A contractor in Singapore is sending the cranes, which should arrive on site in a few days, said U.S. Pacific Fleet spokesman Capt. Darryn James said.
It’s expected to take over a month to dismantle the USS Guardian, which ran aground before dawn on Jan. 17.
Crews have already removed 15,000 gallons of fuel from the ship. They’ve also taken off hundreds of gallons of lubricating oil and paint. They’ll be removing human wastewater and other materials that could harm the environment, James said.
The Navy originally said the Guardian would be lifted by crane onto a barge and taken to a shipyard. But James says damage to the ship is “beyond economical repair” and the Navy now plans to dismantle the ship before it’s removed.
Taking the ship apart will allow the Navy to limit damage the salvage operation causes the reef, James said.
“That is important to us,” James said by telephone from Pacific Fleet’s headquarters in Pearl Harbor. The Navy cares about being good environmental stewards and regrets the incident, he said.

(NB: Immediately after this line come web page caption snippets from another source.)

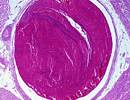 No Increased Risk for VTE After Flu Vaccine in People Older Than 50 No Increased Risk for VTE After Flu Vaccine in People Older Than 50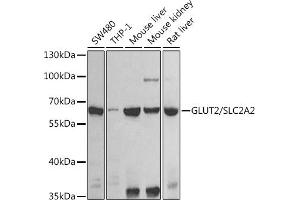 Western blot analysis of extracts of various cell lines, using GLUT2/GLUT2/SLC2 antibody (ABIN6134110, ABIN6147959, ABIN6147960 and ABIN6225170) at 1:1000 dilution. (SLC2A2 Antikörper  (AA 1-100))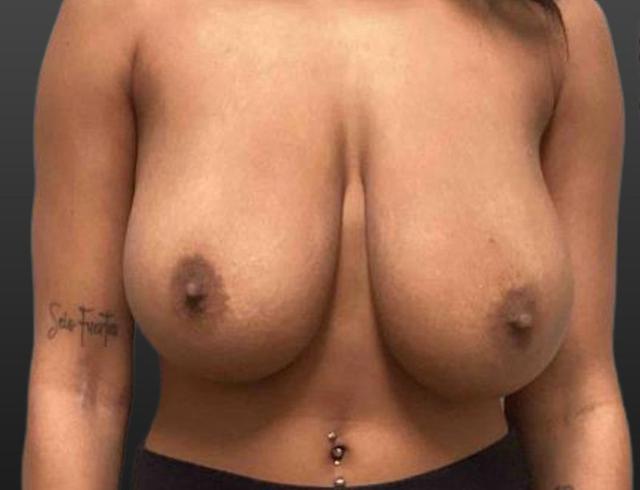 Breast Reduction before at Midwest Breast & Aesthetic Surgery in Gahanna, OH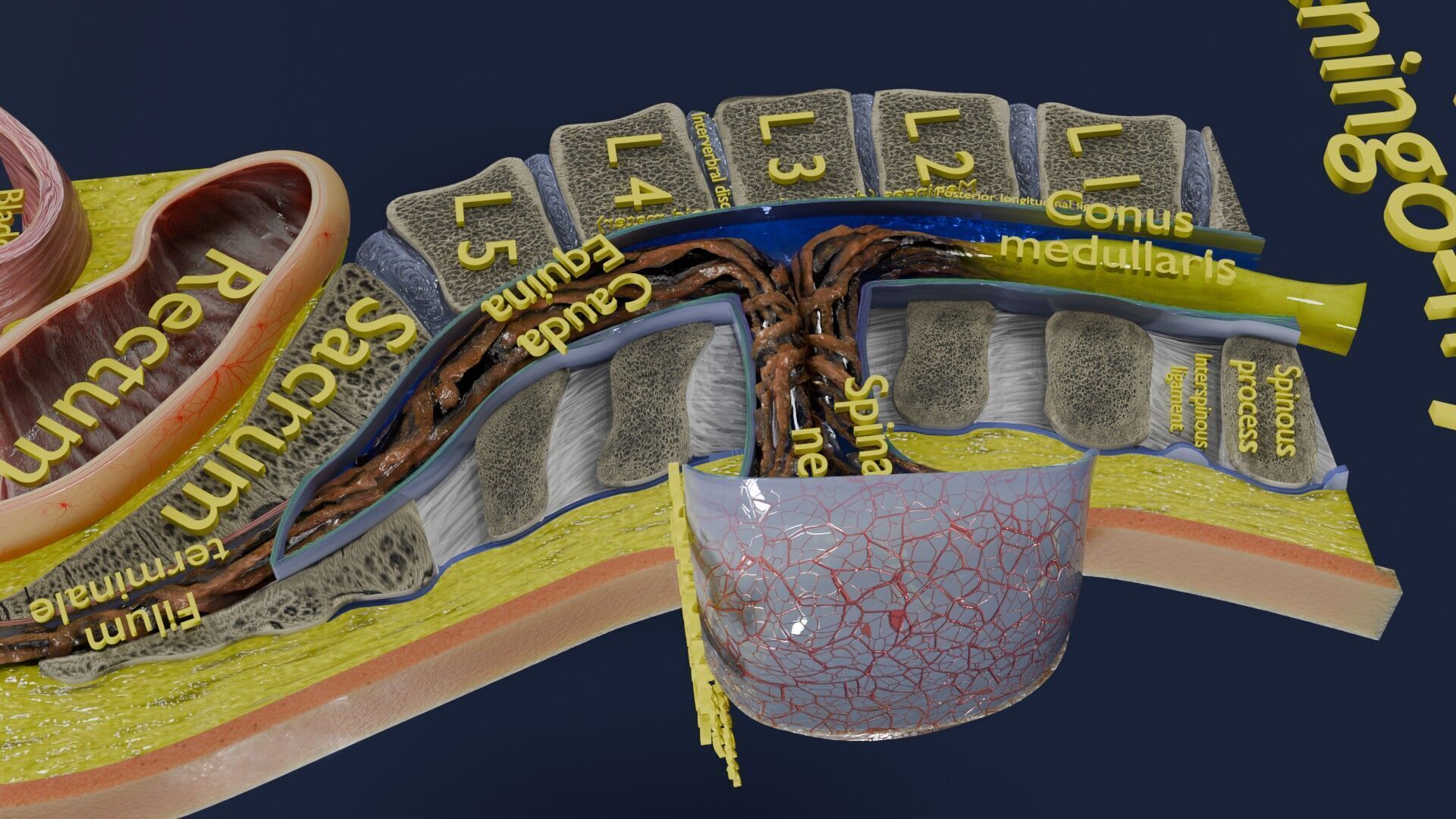 Spina bifida Neural Tube Defect Low-poly 3D model_67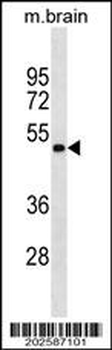 GNAS Antibody (Ascites)
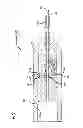 Fig. 02 - Catheter needle tip shielding device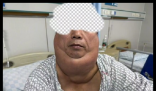 男子每天1斤酒喝出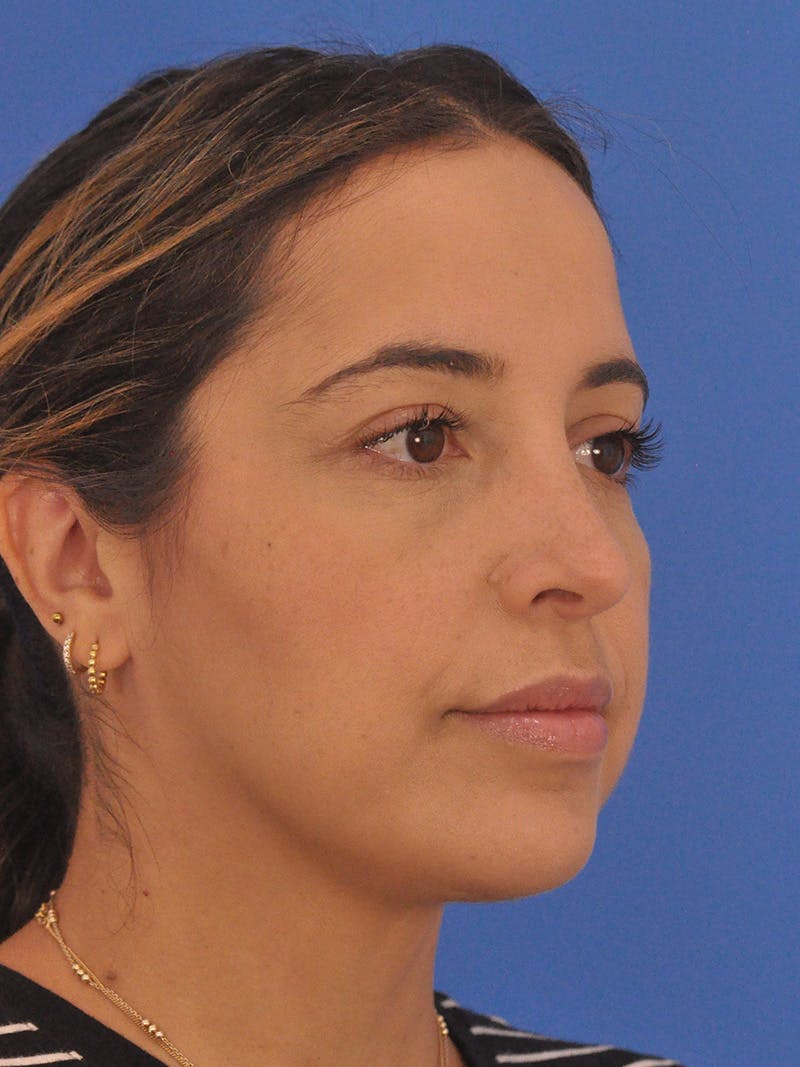 Rhinoplasty Before & After Gallery - Patient 277111 - Image 4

The Navy has presented the ship removal plan to the Philippines, which is reviewing it.
“We’re working very closely with the Philippine coast guard, with their navy and their government personnel. We’ve been grateful for their support as we all work together to remove guardian and minimize further damage to the reef,” James said.
No one was injured when the ship ran aground at the reef in the Tubbataha National Marine Park. The park is a World Heritage Site in the Sulu Sea, about 400 miles southwest of Manila.

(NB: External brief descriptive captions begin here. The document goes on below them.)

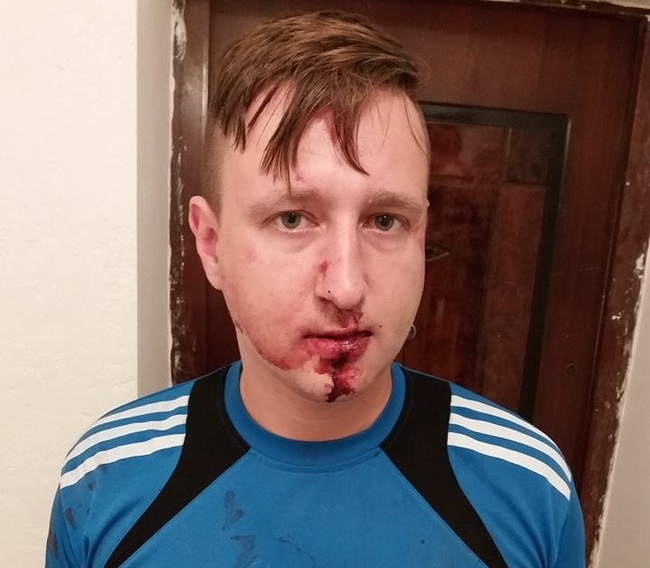 В Одессе избили и ограбили журналиста
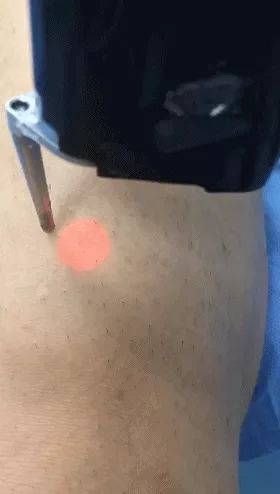 真狠！皮肤科男医生对自己的腿毛下手了！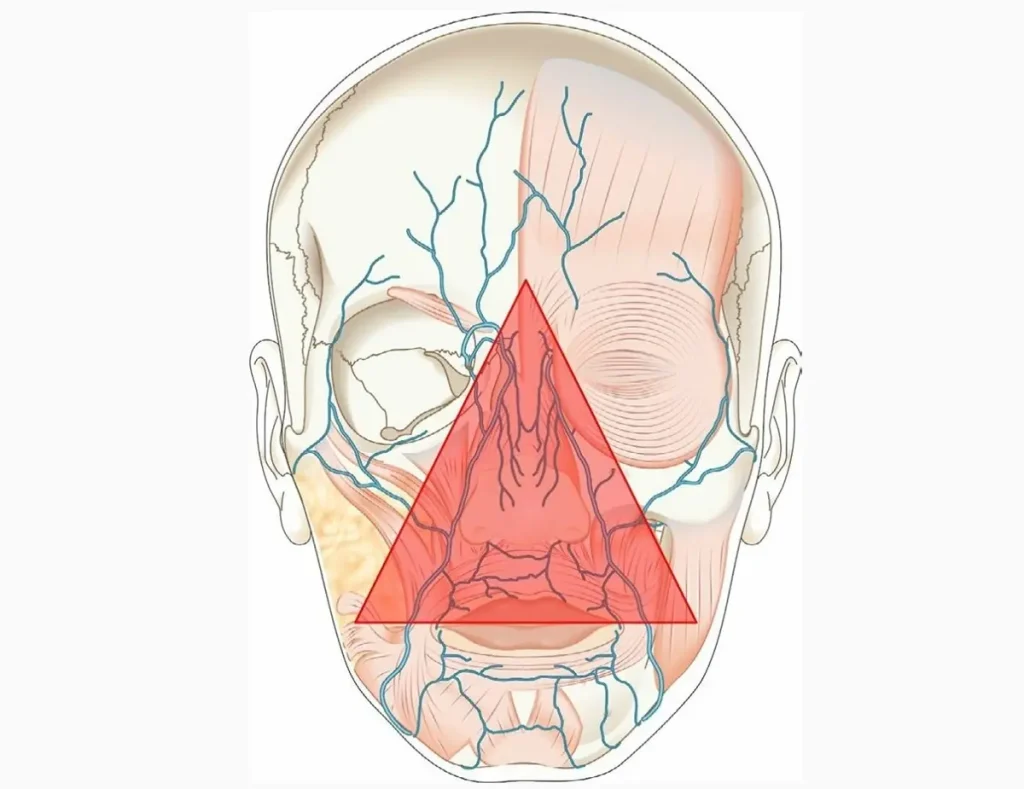 ترکاندن جوش زیر بینی می‌تواند به مغز آسیب برساند!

The Guardian was on its way to Indonesia after making a rest and refueling stop in Subic Bay, a former American naval base west of Manila.
Vice Adm. Scott Swift, the U.S. 7th Fleet Commander based in Yokosuka, Japan, has ordered an investigation into the grounding.
Philippine President Benigno Aquino III said last week that the U.S. Navy must explain how the ship got off course. He said the Navy would face fines for damaging the environment.
The Navy and the U.S. ambassador to the Philippines, Harry K. Thomas, have apologized for the grounding and promised to cooperate with its close ally.